Chapter 14: The Marchetti Arrival
The plane touched down just after midnight.
No press. No fanfare. Just a sleek black car waiting on the tarmac and a man stepping off with a leather duffel over his shoulder and a sharpness in his eyes that hadn't been there six years ago.
Alessandro Marchetti was back in New York.
But he wasn't the boy who left.
THE LEGACY
The Marchetti name carried weight — here, just as it did across the Atlantic.
In Milan, he was the heir.
In Rome, the shadow of his grandfather.
But in New York, he was now the face.
The new CEO of BORSANY & Co. New York Division — the company's most lucrative international expansion. The board expected results. His grandfather expected perfection.
And Alessandro? He expected nothing.
No welcome. No warmth. No mistakes.
....
He was twenty-five now.
Six-foot-one. Clean-shaven. Tailored suits. Fluent in five languages. Unreadable.
Gone were the crooked smiles and lazy Saturday mornings. Gone was the boy who once whispered sweet nothings under an oak tree. That softness had been burned out of him.
What remained was all precision and purpose.
He didn't love.
He didn't trust.
He didn't ask questions he didn't want the answers to.
There were whispers back in Milan — of cold deals closed without blinking, of parties left early, of women never seen twice. He was charming, polite… and completely unreachable.
...
The Marchetti penthouse in Manhattan's Upper East Side was as grand as ever — glass walls, black marble floors, silent staff.

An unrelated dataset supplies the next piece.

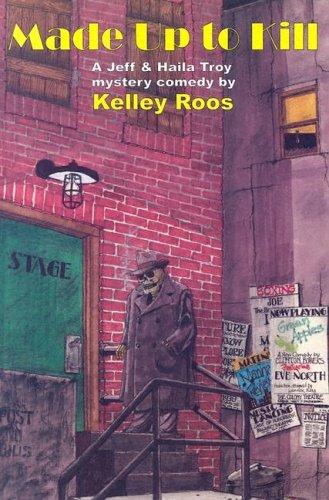 Cover for Made Up To Kill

Alessandro stood in front of the massive windows, watching the city breathe beneath him. Lights glittered across the skyline like stars — beautiful, distant, untouchable.
He loosened his tie and sat in the quiet.

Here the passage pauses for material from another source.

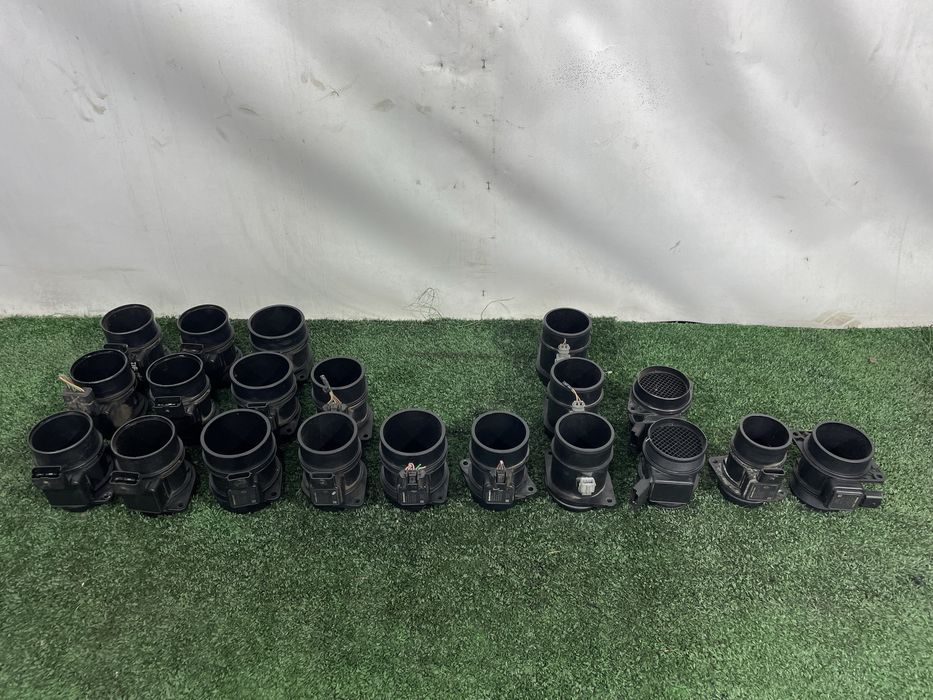 Розходомір renault витратомір повітря  Расходомер воздуха рено 1.9 2.0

And for the first time in a long time, a memory crept in.
Her laugh.
The smell of summer grass.
The way her green eyes used to catch light when she smiled at him like he was her entire world.
Bell.
He blinked once.
And buried it.
He didn't come back for her.
He didn't come back for memories.
He came for the Marchetti name.
For the empire.
For the life that was built for him — whether he wanted it or not.
....
BORSANY & CO.
Alessandro sat at the head of the table, flanked by men twice his age. All of them silent now. Waiting.
The company conference room buzzed with the low hum of city noise, but inside, not a word was wasted.

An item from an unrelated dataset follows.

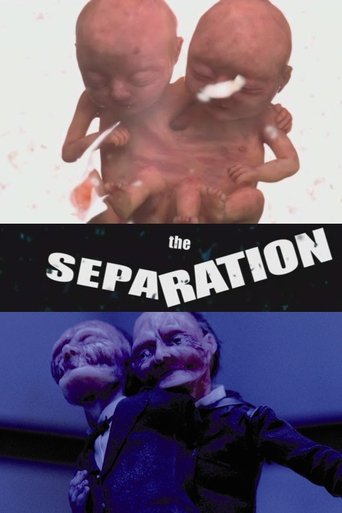 The Separation Poster of The Separation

He closed the folder in front of him and looked up slowly.
"Tell the supplier if the shipment is late again," he said in perfect, unshaken Italian, "we'll move our business elsewhere. We don't need loyalty from people who confuse respect with convenience."
Someone nodded too quickly.
Another cleared his throat.
Nobody argued.
He didn't raise his voice.
He didn't need to.
He had presence.
Not the kind built in gym mirrors or designer clothes.
The kind carved in silence. In watching. In choosing his words like blades.
FAMILY BUSINESS
Though the world knew the Marchettis as global tycoons — real estate, luxury imports, private banking — those who mattered knew better.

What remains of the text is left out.